HOW TO COMPLETE THIS TASK -
Reproduce the listing below verbatim.
[[ SUPPLIED INFORMATION open ]]
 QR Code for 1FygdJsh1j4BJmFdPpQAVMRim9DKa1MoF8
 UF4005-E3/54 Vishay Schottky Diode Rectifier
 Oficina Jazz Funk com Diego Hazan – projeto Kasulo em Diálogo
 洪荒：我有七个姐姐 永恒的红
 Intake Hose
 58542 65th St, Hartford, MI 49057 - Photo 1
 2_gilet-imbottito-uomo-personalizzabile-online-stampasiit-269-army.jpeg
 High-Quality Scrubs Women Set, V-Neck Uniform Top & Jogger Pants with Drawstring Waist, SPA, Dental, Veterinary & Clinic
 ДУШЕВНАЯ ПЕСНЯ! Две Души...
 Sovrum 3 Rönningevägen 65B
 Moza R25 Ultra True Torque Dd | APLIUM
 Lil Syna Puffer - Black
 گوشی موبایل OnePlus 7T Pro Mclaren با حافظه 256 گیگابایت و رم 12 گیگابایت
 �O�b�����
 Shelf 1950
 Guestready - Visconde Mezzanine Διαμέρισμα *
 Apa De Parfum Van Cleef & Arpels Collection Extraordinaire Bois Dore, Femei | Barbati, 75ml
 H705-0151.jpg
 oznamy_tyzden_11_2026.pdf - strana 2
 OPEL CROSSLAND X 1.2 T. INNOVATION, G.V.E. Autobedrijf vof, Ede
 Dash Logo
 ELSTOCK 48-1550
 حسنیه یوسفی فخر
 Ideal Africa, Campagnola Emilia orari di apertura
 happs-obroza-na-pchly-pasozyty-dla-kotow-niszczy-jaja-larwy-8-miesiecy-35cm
[[ SUPPLIED INFORMATION closed ]]
PROBLEM SOLUTION -
 QR Code for 1FygdJsh1j4BJmFdPpQAVMRim9DKa1MoF8
 UF4005-E3/54 Vishay Schottky Diode Rectifier
 Oficina Jazz Funk com Diego Hazan – projeto Kasulo em Diálogo
 洪荒：我有七个姐姐 永恒的红
 Intake Hose
 58542 65th St, Hartford, MI 49057 - Photo 1
 2_gilet-imbottito-uomo-personalizzabile-online-stampasiit-269-army.jpeg
 High-Quality Scrubs Women Set, V-Neck Uniform Top & Jogger Pants with Drawstring Waist, SPA, Dental, Veterinary & Clinic
 ДУШЕВНАЯ ПЕСНЯ! Две Души...
 Sovrum 3 Rönningevägen 65B
 Moza R25 Ultra True Torque Dd | APLIUM
 Lil Syna Puffer - Black
 گوشی موبایل OnePlus 7T Pro Mclaren با حافظه 256 گیگابایت و رم 12 گیگابایت
 �O�b�����
 Shelf 1950
 Guestready - Visconde Mezzanine Διαμέρισμα *
 Apa De Parfum Van Cleef & Arpels Collection Extraordinaire Bois Dore, Femei | Barbati, 75ml
 H705-0151.jpg
 oznamy_tyzden_11_2026.pdf - strana 2
 OPEL CROSSLAND X 1.2 T. INNOVATION, G.V.E. Autobedrijf vof, Ede
 Dash Logo
 ELSTOCK 48-1550
 حسنیه یوسفی فخر
 Ideal Africa, Campagnola Emilia orari di apertura
 happs-obroza-na-pchly-pasozyty-dla-kotow-niszczy-jaja-larwy-8-miesiecy-35cm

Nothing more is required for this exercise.